Record extracts START

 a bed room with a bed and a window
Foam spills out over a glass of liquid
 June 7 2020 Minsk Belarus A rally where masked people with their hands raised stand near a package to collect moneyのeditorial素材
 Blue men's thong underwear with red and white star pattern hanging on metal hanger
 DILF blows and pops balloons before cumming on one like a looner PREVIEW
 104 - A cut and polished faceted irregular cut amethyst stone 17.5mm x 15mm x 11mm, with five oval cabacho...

Record extracts END
Record extracts START

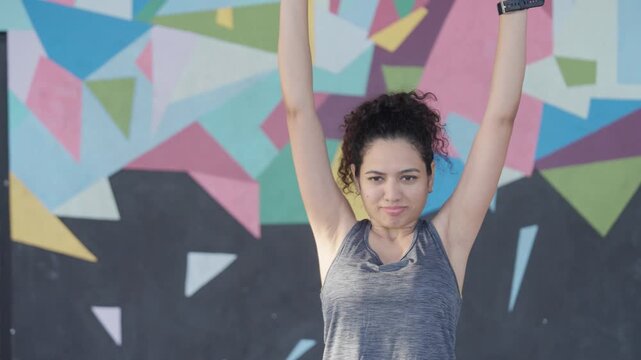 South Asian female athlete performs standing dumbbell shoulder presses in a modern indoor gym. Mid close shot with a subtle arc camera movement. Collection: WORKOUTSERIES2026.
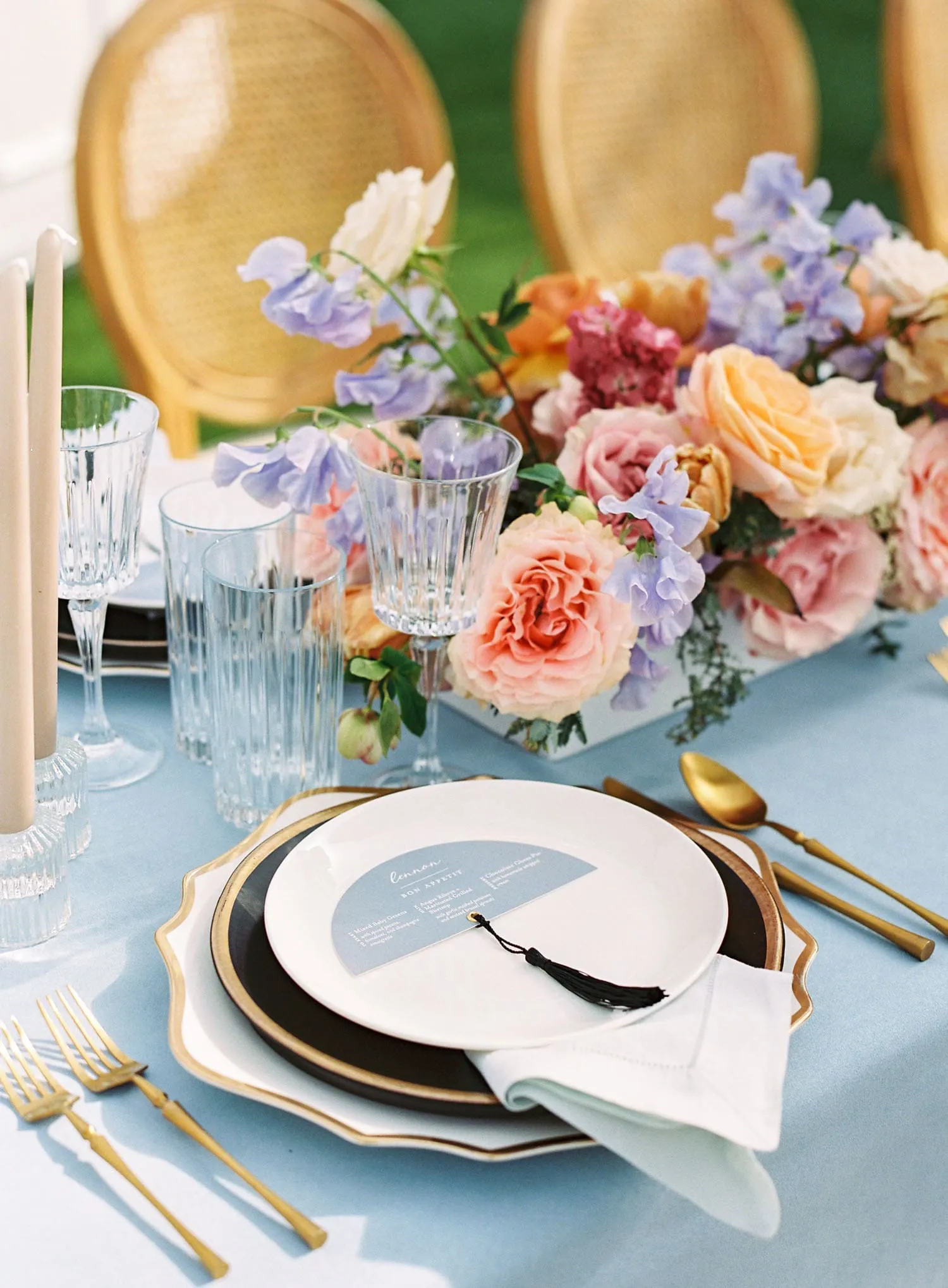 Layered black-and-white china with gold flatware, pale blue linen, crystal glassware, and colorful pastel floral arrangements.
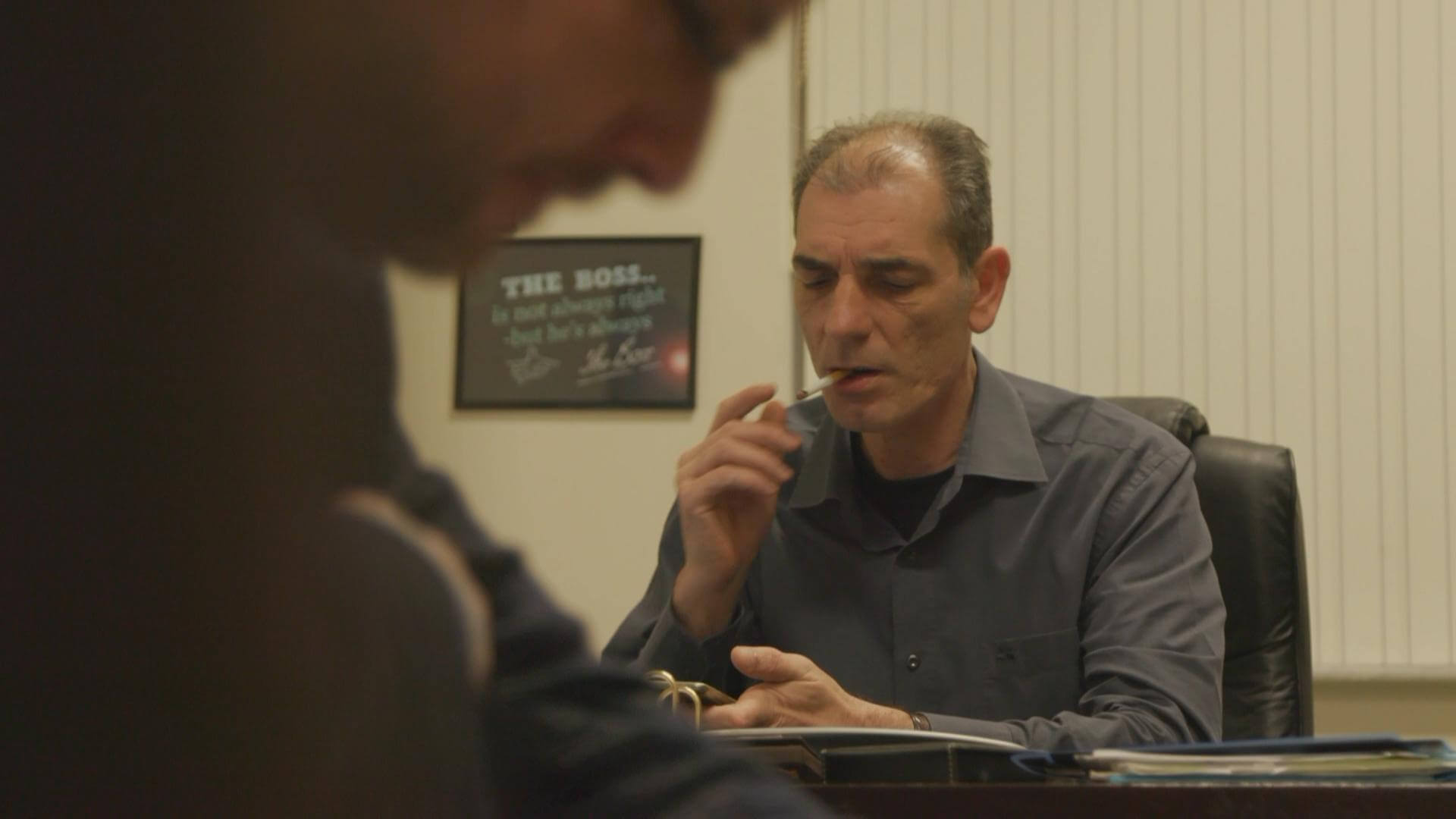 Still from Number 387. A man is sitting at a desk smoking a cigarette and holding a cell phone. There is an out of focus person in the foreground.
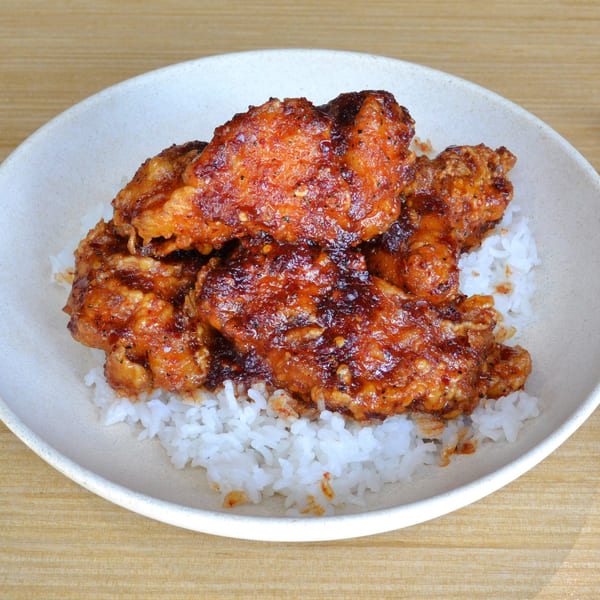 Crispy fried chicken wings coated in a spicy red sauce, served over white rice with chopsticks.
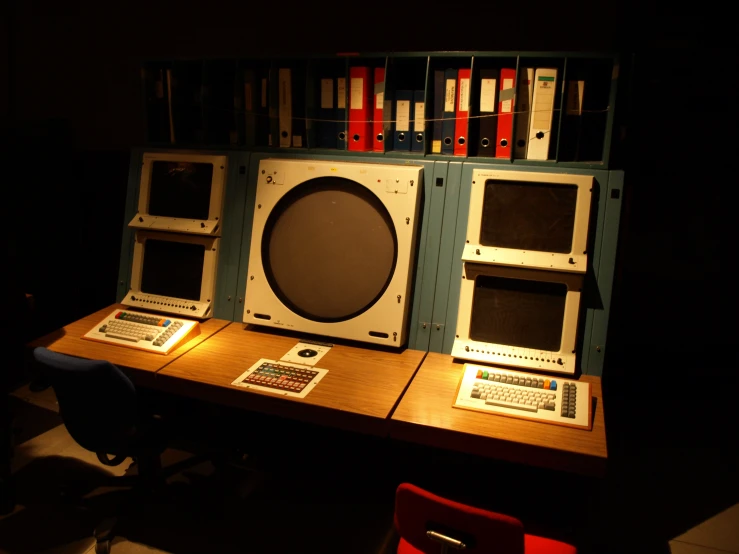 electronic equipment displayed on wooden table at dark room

Record extracts END

### What is needed
Output the material above exactly, but only from the line that carries "June 7 2020" through the line that carries "104 - A cut".

### Task output
 June 7 2020 Minsk Belarus A rally where masked people with their hands raised stand near a package to collect moneyのeditorial素材
 Blue men's thong underwear with red and white star pattern hanging on metal hanger
 DILF blows and pops balloons before cumming on one like a looner PREVIEW
 104 - A cut and polished faceted irregular cut amethyst stone 17.5mm x 15mm x 11mm, with five oval cabacho...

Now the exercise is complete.